The Group's insurance businesses have liability products that are supported by substantial holdings of investments, including equities, property and fixed interest investments, all of which are subject to variations in their value. The value of the liabilities does not move exactly in line with changes in the value of the investments, yet IFRS requires that the changes in both the value of the liabilities and investments be reflected within the income statement. As these investments are substantial and movements in their value can have a significant impact on the profitability of the Insurance and Investments division, management believes that it is appropriate to disclose the division's results on the basis of an expected return in addition to the actual return. The difference between the actual return on these investments and the expected return based upon economic assumptions made at the beginning of the year is included within insurance volatility.

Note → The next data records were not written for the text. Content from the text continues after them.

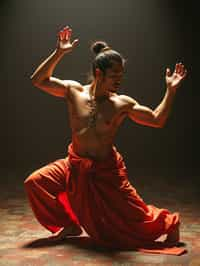 man performing a sacred dance or movement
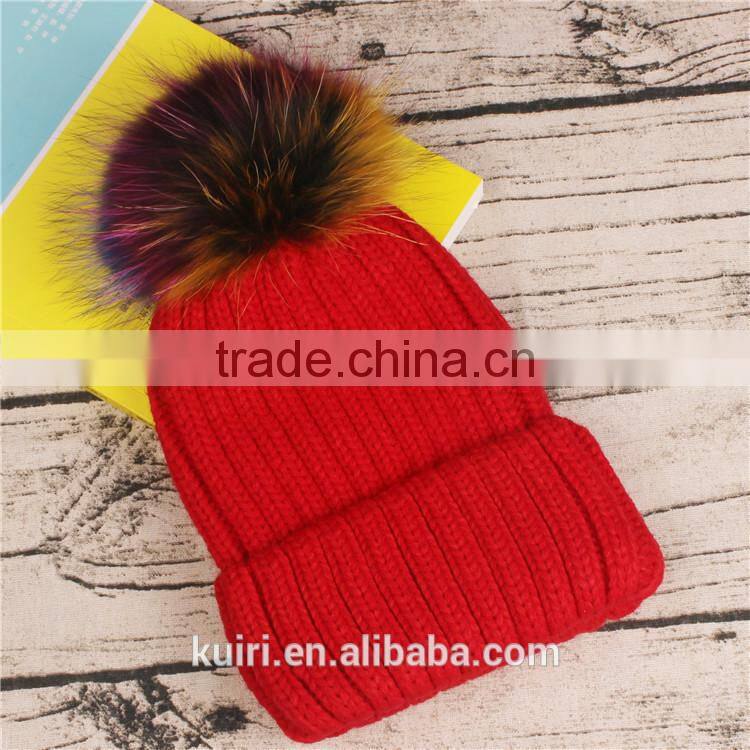 Wholesale Beanie Hats with raccoon fur ball for lady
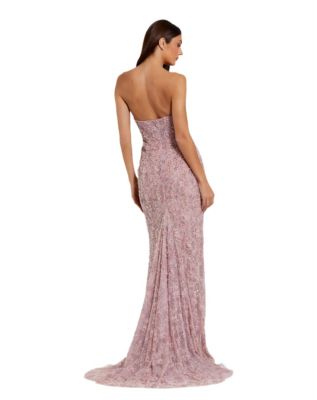 Beaded Satin Rose Cape Strapless Bustier Gown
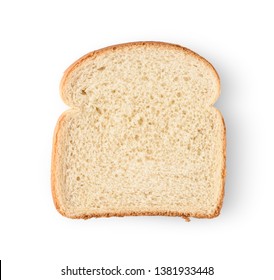 One Slice Of Bread Isolated On White Background.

Changes in market variables also affect the realistic valuation of the guarantees and options embedded within products written in the Scottish Widows With Profits Fund, the value of the in-force business and the value of shareholders' funds. Fluctuations in these values caused by changes in market variables, including corporate bond spreads, are also included within insurance volatility.
The valuation of the Group's annuity business has been affected by the recent upheaval in the capital markets which has caused a significant widening in corporate bond spreads. Based on available market analysis, an element of this widening in corporate bond spreads has been assessed as arising from an increase in the illiquidity premium. Annuity contracts cannot be surrendered and have reasonably certain cashflows best matched by assets of equivalent maturity with similar liquidity characteristics. As a result, in 2008 the value of in-force business for the annuity business has been calculated after taking into account an estimate of 154 basis points for the market premium for illiquidity, which has been derived using a portfolio of investment grade bonds with similar cash flow characteristics as the annuity liabilities. The effect of this has been to increase the value of in-force business by £842 million as at 31 December 2008 with a similar increase in profit before tax. This amount is reported within volatility and does not therefore impact profit before tax on a continuing business basis.
The expected investment returns used to determine the normalised profit of the business, which are based on prevailing market rates and published research into historical investment return differentials, are set out below:
| 2009 |
2008 |
2007 |
|
|---|---|---|---|
| Gilt yields (gross) |
3.74 |
4.55 |
4.62 |
| Equity returns (gross) |
6.74 |
7.55 |
7.62 |
| Dividend yield |
3.00 |
3.00 |
3.00 |
| Property return (gross) |
6.74 |
7.55 |
7.62 |
| Corporate bonds in unit linked and With Profit |
4.34 |
5.15 |
5.22 |
| Fixed interest investments backing annuity |
5.87 |
5.56 |
5.09 |
During 2008, profit before tax included negative insurance volatility of £746 million, being a credit of £9 million to net interest income and a charge of £755 million to other income (2007: negative volatility of £277 million, being a credit of £7 million to net interest income and a charge of £284 million to other income).
This charge mainly reflects the significant falls in global equities markets during the year, which resulted in total returns some 33 percentage points lower than expected. These lower than expected returns reduced the value of in-force business held on the balance sheet. The impact of the widening corporate bond credit spreads more than offset the inclusion of an allowance for the illiquidity premium referred to above, and resulted in a net reduction in the value of the annuity portfolio. Lower equities and bond prices also affected the valuation of the Group's investments held within the funds attributable to the shareholder; there was no exposure to assets held at fair value through profit or loss valued using unobservable market inputs.
The application of accounting standards results in the introduction of other sources of significant volatility into the pre-tax profits of the life and pensions business. In order to provide a clearer representation of the performance of the business and consistent with the way in which it is managed, equalisation adjustments are made to remove this volatility from underlying profits. The effect of these adjustments is separately disclosed as policyholder interests volatility; there is no impact upon profit attributable to equity shareholders.
The most significant of these additional sources of volatility is policyholder tax. Accounting standards require that tax on policyholder investment returns should be included in the Group's tax charge rather than being offset against the related income. The impact is, therefore, to either increase or decrease profit before tax with a corresponding change in the tax charge. Other sources of volatility include the minorities' share of the profits earned by investment vehicles which are not wholly owned by the long-term assurance funds.
During 2008, profit before tax included negative policyholder interests volatility of £471 million, being a charge to other income (2007: negative volatility of £222 million, being a charge to other income). In 2008, substantial policyholder tax losses have been generated as a result of a fall in property, bond and equity values. These losses reduce future policyholder tax liabilities and have led to a policyholder tax credit during the year.